We must beware of saying so; for thus we should have but a narrow, confused, contingent, and constantly fluctuating idea of inspiration. In fact, —
[1]. God, who often conjoined those two gifts in one man, often also saw fit to disjoin them, in order that he might give us to understand that they essentially differ, the one from the other, and that, when united, they tire independent. Every true Christian has the Holy Ghost, (1Jn 2:20; 1Jn 2:27; Jer 31:34; John 6:45.) but every Christian is not inspired, and such an one who utters the words of God, may not have received either life-giving affections or life-giving light.
[2]. It may be demonstrated by a great many examples, that the one of these gifts was not the measure of the other; and that the divine inspiration of the prophets did not observe the ratio of their knowledge, any more than that of their holiness.
[3]. Far, indeed, from the one of those gifts being the measure of the other, one may even say that divine inspiration appeared all the more strikingly the more that the illumination of the sacred writer remained in arrear of his illumination. When you behold the very prophets, who were most enlightened by God’s Spirit, bending over their own pages after having written them, and endeavouring to comprehend the meaning which the Spirit in them had caused them to express, it should become manifest to you that their divine inspiration was independent of their illumination.
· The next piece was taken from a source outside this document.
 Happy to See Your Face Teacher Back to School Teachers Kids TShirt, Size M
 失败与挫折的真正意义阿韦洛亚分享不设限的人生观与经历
[4]. Even supposing the prophet’s illumination raised to its utmost pitch, still it did not reach the altitude of the divine idea, and there might be much more meaning in the word dictated to them than the prophet was yet cognisant of. David, doubtless, in hymning his psalms, knew (Acts 2:30) that they referred to “Him who was to be born of his loins, to sit upon his throne for ever.” Most of the prophets, like Abraham their father, saw the day of Christ, and when they saw it, were glad; (John 8:56) they searched what the Spirit of Christ, which was in them, did signify, when it testified beforehand of the sufferings of the Messiah, and the glory that should follow, (1Pe 1:11) Yet notwithstanding all this, our Lord attests to us that the simplest Christian, the least (in knowledge) in the kingdom of God, knows more on that subject than the greatest of the prophets. [32] [5]. These gifts differ from each other in essential characters, which we will presently describe.
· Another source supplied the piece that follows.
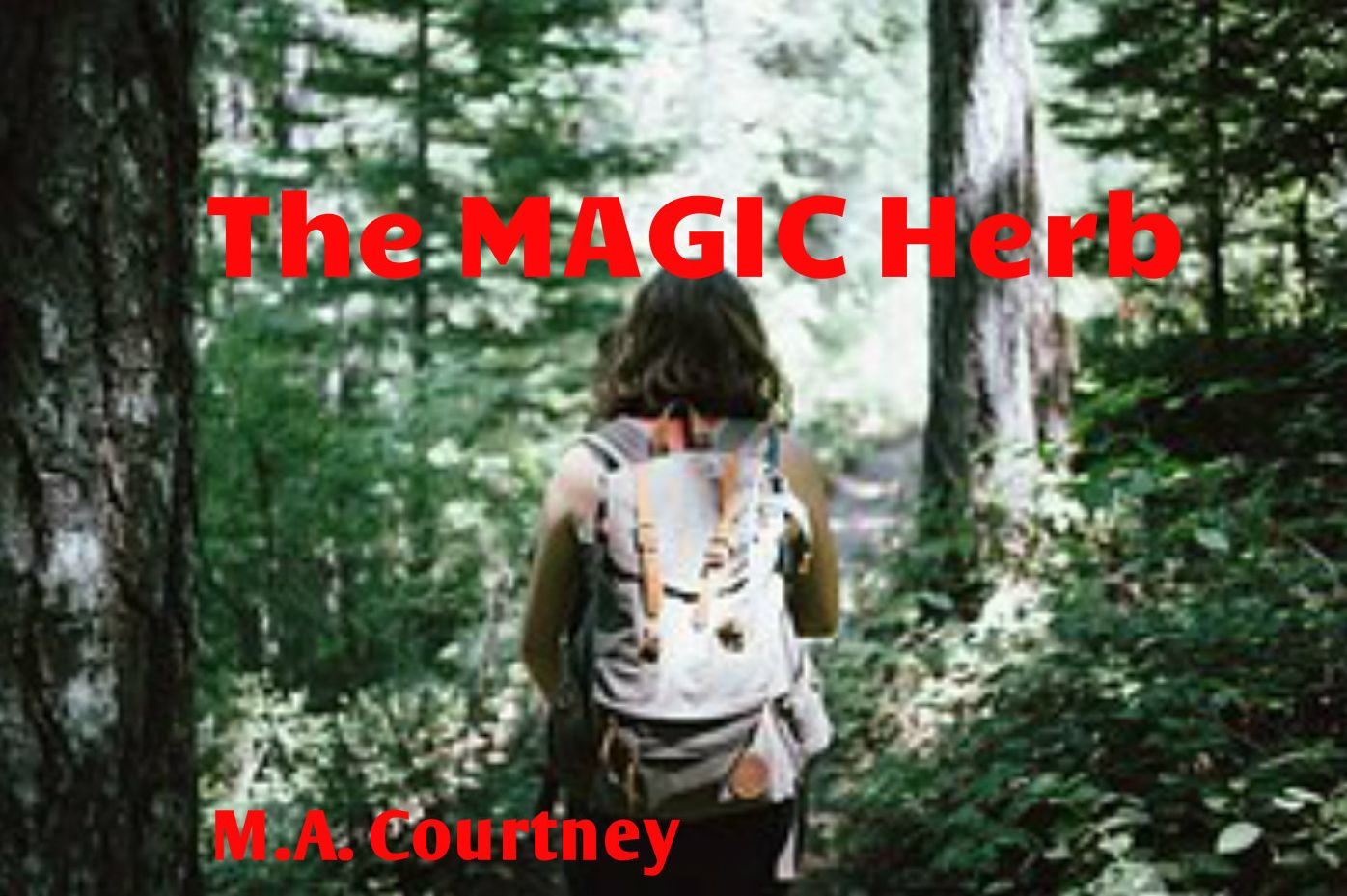 The Magic Herb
[6]. Finally, it is always the inspiration of the book that is presented to us as an object of faith, never the inward state of him that writes it. His knowledge or ignorance nowise affects the confidence I owe to his words; and nay soul ought ever to look not so much to the lights of his understanding as to the God of all holiness, who speaks to me by his mouth. The Saviour desired, it is true, that most of those who related his history should also have been witnesses of what they related. This was, no doubt, in order that the world might listen to them with the greater confidence, and might not start reasonable doubts as to the truth of their narratives. But the Church, in her faith, looks much higher than this: to her the intelligence of the writers is imperfectly known, and a matter of comparative indifference — what she does know is their inspiration. It is never in the breast of the prophet that she goes to look for its source; it is in that of her God. “Christ speaks in me,” says St Paul, “and God hath spoken to our fathers in the prophets.” (2Co 13:3; Heb 1:1 (
XI. If there exist, then, between these two spiritual graces of illumination and inspiration a specific difference, in what must we say that it consists?
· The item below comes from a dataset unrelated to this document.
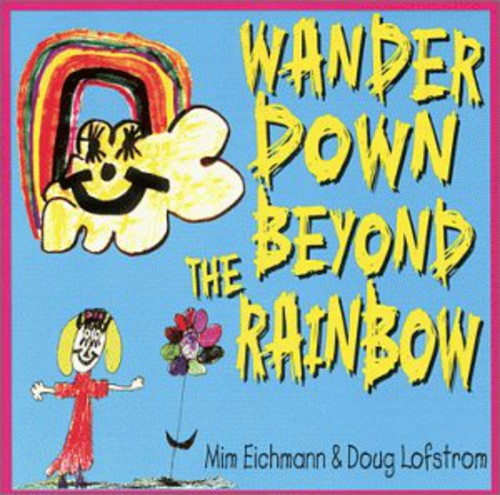 Mim Eichmann Wander Down Beyond the Rainbow - CD Album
Though you should find it impossible to say what that difference is, you would not the less be obliged by the preceding reasons to declare that it does exist. In order to be able fully to reply to this question, it were necessary that you should know the nature and the mode of both these gifts; whereas the Holy Ghost has never explained to us, either how he infuses God’s thoughts into the understanding of a believer, or how he puts God’s words into the mouth of a prophet. Nevertheless, we can here point out two essential characters by which these two operations of the Holy Ghost have always shown themselves to be distinct: the one of these characters relates to their duration, the other to their measure. In point of duration, illumination is continuous, whereas inspiration is intermittent. In point of measure, illumination admits of degrees, whereas inspiration does not admit of them.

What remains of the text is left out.